The workshop also introduced the opportunity that technology, lends to such work, enabling the study of phenomena relating to online violence especially in instances where analysis of vast amounts of data is required, as in this case which involves the analysis of online abuse on social media platforms such as Twitter.

As women make advancements towards equality in politics, there is an evident pushback both online and offline against women participating in the political process and even in any discourse relating to politics. Unfortunately, the impact of this is women avoiding participation and experiencing apprehension when venturing or existing in Political spaces. Kenya is no stranger to violence against women in politics, with prominent women politicians facing the biggest brunt of violence especially online. In Kenya, women form 52% of the population and just as the Twitter hashtag #WeAre52pc achieves to communicate, having women adequately represented in parliament is not only about equality, fighting historical political bias against women, but also required by our Constitution that stipulates the 2/3rd gender rule, thus rendering the current parliament unconstitutional because it fails to achieve this.

Article 81 (b) states: “Not more than two-thirds of the members of elective or appointive bodies shall be of the same gender”.

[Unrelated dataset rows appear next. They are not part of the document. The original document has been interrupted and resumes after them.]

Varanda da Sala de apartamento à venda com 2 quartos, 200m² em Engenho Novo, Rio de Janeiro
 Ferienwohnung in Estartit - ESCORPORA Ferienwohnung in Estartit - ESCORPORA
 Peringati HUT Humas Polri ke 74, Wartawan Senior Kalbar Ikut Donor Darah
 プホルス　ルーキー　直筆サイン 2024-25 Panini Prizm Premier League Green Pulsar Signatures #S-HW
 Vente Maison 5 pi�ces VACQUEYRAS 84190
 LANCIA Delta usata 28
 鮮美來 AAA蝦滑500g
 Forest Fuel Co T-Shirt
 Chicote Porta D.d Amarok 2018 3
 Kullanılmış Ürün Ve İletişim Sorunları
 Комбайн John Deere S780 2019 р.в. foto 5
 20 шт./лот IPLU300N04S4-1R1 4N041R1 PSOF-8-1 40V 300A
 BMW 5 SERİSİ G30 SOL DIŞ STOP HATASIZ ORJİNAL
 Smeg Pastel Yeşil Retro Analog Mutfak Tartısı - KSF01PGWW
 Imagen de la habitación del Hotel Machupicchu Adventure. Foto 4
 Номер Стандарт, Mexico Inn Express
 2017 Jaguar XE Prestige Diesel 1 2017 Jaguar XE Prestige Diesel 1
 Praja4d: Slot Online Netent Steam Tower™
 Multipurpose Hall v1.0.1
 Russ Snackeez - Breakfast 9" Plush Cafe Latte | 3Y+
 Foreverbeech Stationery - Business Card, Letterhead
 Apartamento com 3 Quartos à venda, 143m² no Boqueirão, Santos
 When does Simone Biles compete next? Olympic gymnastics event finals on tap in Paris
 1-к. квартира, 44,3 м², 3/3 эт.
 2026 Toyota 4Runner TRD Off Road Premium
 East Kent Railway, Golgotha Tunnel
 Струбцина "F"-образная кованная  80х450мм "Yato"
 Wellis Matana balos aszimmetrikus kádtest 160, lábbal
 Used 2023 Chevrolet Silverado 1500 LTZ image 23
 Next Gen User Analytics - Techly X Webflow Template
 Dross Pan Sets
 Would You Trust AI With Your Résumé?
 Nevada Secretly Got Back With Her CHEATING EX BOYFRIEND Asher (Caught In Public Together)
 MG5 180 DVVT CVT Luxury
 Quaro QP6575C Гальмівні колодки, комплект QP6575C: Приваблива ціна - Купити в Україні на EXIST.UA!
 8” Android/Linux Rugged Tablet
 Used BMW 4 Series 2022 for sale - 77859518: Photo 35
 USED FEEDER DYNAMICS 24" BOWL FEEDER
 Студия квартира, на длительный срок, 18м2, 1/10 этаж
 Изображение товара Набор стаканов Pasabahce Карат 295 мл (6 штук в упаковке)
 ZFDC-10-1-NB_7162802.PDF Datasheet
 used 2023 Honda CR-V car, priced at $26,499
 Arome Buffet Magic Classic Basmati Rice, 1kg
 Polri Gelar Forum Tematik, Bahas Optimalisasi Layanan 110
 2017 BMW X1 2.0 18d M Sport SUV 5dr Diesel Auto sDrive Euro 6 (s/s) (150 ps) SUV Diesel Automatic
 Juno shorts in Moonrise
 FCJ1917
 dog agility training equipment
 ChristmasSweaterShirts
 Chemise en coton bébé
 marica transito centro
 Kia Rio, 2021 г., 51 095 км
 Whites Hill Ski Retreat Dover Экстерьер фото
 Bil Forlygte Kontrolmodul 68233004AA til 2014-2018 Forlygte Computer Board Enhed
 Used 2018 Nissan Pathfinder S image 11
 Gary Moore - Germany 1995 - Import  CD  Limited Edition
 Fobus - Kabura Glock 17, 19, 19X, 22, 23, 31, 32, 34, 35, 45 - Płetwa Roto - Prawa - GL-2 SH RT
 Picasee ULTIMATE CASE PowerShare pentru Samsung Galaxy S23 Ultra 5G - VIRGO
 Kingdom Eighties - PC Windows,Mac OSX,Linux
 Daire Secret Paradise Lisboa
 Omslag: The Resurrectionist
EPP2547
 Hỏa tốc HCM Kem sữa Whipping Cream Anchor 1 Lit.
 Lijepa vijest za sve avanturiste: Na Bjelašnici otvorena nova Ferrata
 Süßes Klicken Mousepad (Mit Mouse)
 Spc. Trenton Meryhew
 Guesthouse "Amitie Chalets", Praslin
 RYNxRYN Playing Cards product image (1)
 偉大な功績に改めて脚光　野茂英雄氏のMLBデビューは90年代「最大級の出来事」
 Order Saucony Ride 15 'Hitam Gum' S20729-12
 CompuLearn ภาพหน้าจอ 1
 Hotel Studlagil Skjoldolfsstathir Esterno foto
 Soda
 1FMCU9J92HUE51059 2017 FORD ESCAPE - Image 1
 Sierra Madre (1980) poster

As we fight for more women to be represented in Kenyan political discourse, systems and structures it’s more important than ever to ensure that women can be politically active without experiencing any form of discrimination, harassment or assault. Violence is NOT the cost of politics. #NotTheCost

What Next?

In collaboration with NDI some representatives from the workshop delegates will be supporting the #NotTheCost project to bring a human aspect to the computational methods being used to study online violence, by analysing (coding) a surfeit of data that will be in form of tweets in order to produce accurate evidence based research to better understand violence against Kenyan women in politics.

Find here preliminary findings by the NDI from pilots in Cote d’Ivoire, Honduras, Tanzania and Tunisia on Analysing Violence Against Women in Political Parties.

This work is also in line with our #InternetFreedom project that is supported by the Ford Foundation where we are working towards enhancing the experiences of women online.